29A bit me with "Who ___?" for five letters. I'm thinking of everything but the correct answer (CARES). Obvious when I got it.

Some very obvious answers for some questions really bit me. COURTS in 34A [With "the," system of justice]. ELECT in 5D [Put in, as in Putin] had me thinking, "I wonder what the Russian word is for that?". I also got bit by 41D [Treating impartially] by writing in 'fairly' when the expected response was FAIRTO. I finally deciphered this one by deciding that 57A [A kind gesture from] had to be NICEOF. It was the last word I wrote in this grid.

The best clue in the puzzle had me vexed almost the most: [Em preceder] in 48A. All I could think of at first as the em-dash. But the six letter answer turned out to be from the story of Dorothy: AUNTIE.
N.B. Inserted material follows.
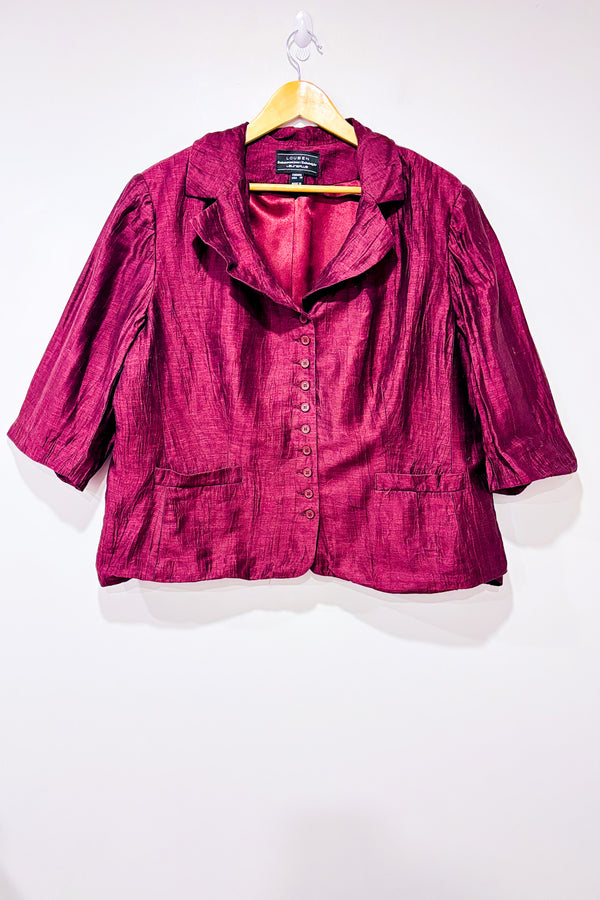 Veston bourgogne en lin (xl)-Louben-La Penderie du Paradis 🕊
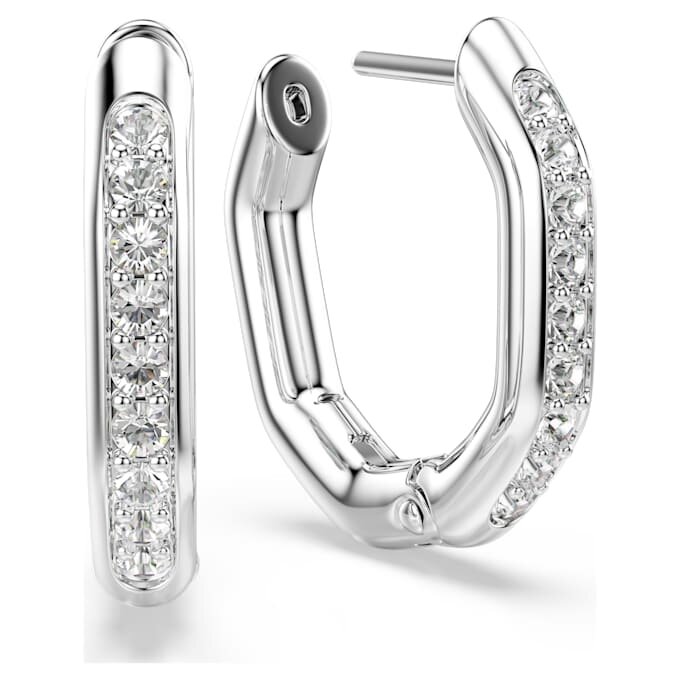 Dextera Hoop Earrings Octagon Shape, Round Cut, Small, White, Rhodium Plated Dextera Hoop Earrings Octagon Shape, Round Cut, Small, White, Rhodium Plated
Of course as with all of the MGWCC puzzles one has to figure out an "answer" from solving the grid. This week the instruction was to find the missing letter. But after completing the grid I found no letters missing (It was pangrammatic). After going off entirely in the wrong direction I finally connected the title of the puzzle--"Can You Dig It?" with an answer in the grid: CANAL in 33A for [___+ (French TV channel)]. To the left of this was a black grid block and to the left of that was PANAM in 32A [It revolutionized 20th-century global transportation] and I saw in my mind's eye PANAM_CANAL. Aha! The letter missing is A. I don't know if it is intended as part of the mini-theme, but crossing the same black square downwards are the words SHIPS and CROSS, which with the 'A' would yield ShipsAcross. This makes sense because that is what the canal enables, in a way, as a shortcut.